---- Material for this exercise

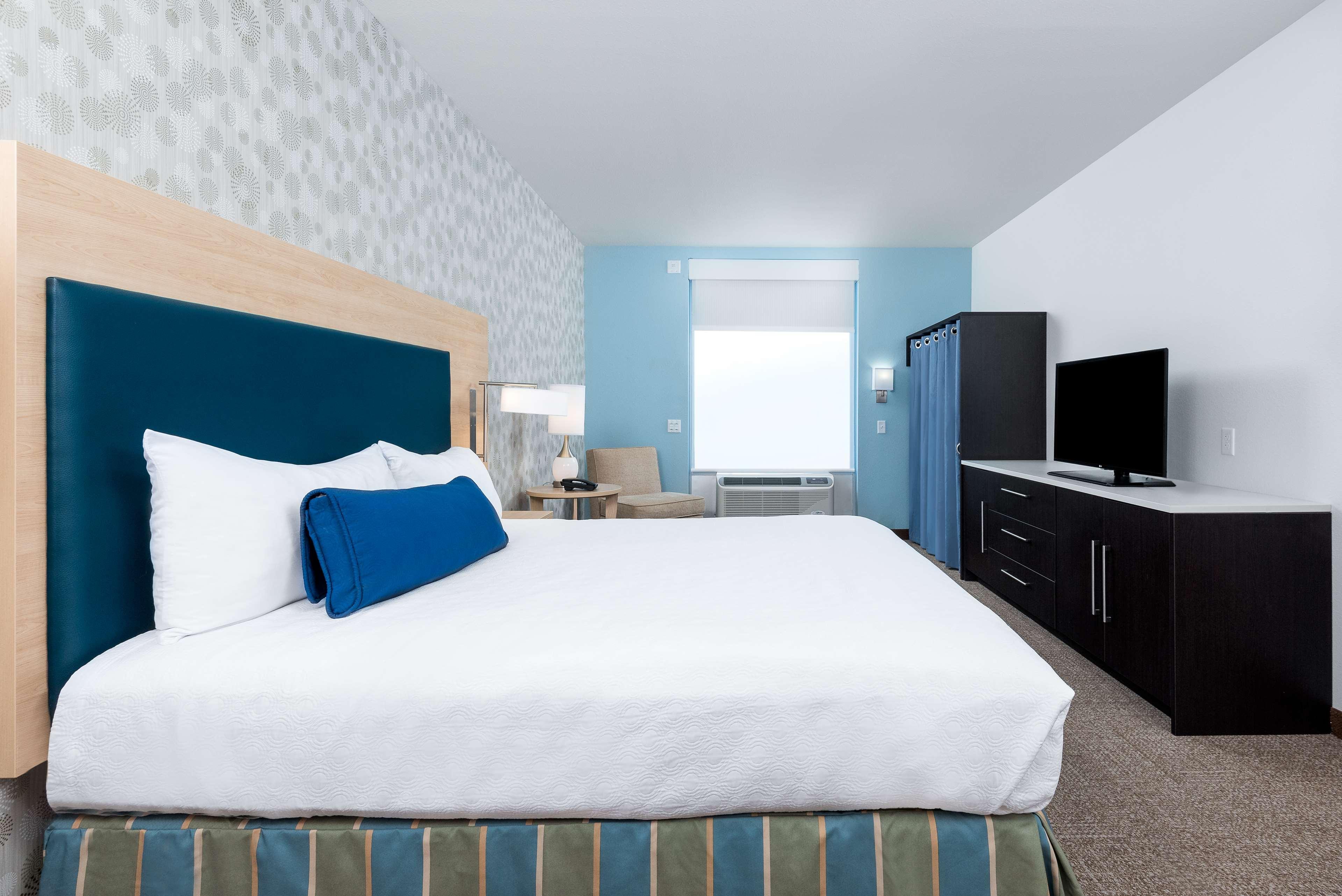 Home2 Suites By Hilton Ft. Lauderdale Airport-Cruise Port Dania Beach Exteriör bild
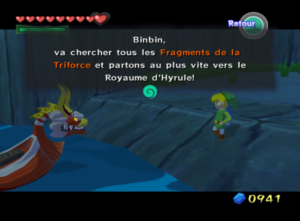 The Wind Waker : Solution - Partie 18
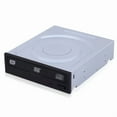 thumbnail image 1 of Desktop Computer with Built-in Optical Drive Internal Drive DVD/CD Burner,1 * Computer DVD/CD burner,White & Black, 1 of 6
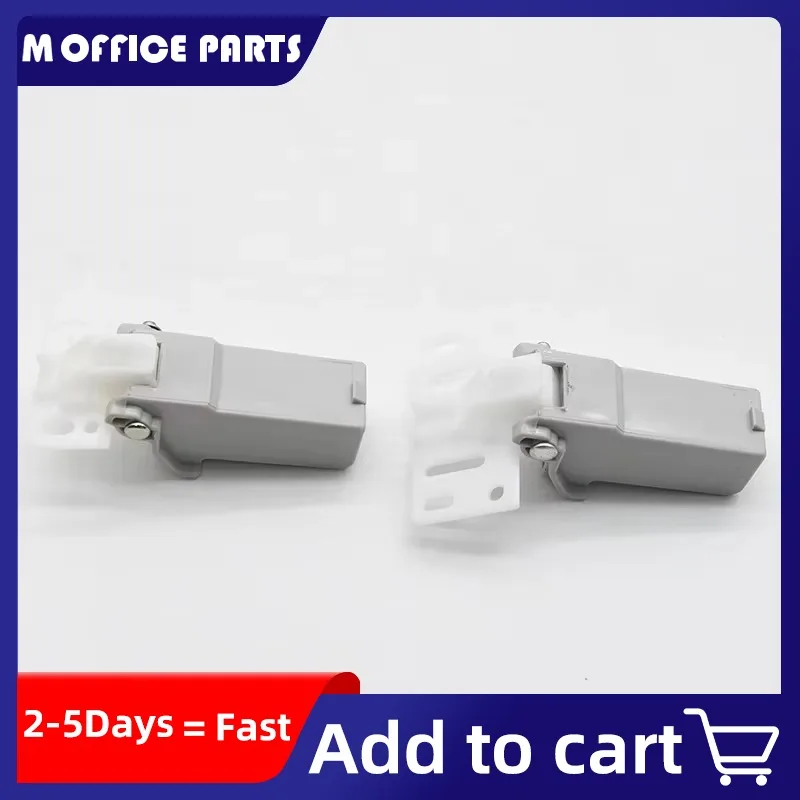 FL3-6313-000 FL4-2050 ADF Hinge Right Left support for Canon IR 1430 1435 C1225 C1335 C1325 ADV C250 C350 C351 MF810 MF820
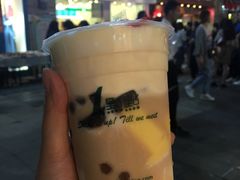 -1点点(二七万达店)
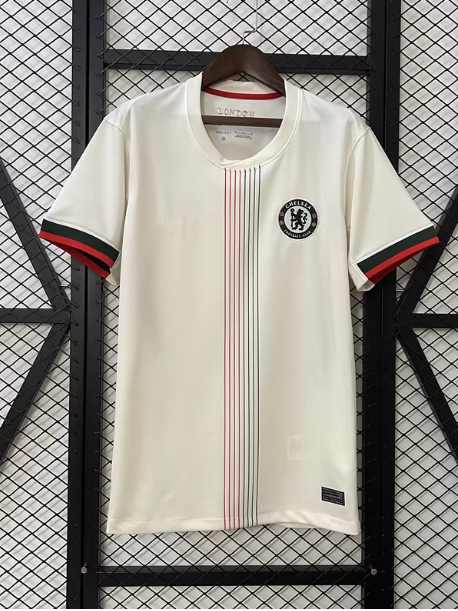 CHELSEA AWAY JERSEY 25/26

--------

Exclude the pictures and repeat the entries word for word.

 Home2 Suites By Hilton Ft. Lauderdale Airport-Cruise Port Dania Beach Exteriör bild
 The Wind Waker : Solution - Partie 18
 thumbnail image 1 of Desktop Computer with Built-in Optical Drive Internal Drive DVD/CD Burner,1 * Computer DVD/CD burner,White & Black, 1 of 6
 FL3-6313-000 FL4-2050 ADF Hinge Right Left support for Canon IR 1430 1435 C1225 C1335 C1325 ADV C250 C350 C351 MF810 MF820
 -1点点(二七万达店)
 CHELSEA AWAY JERSEY 25/26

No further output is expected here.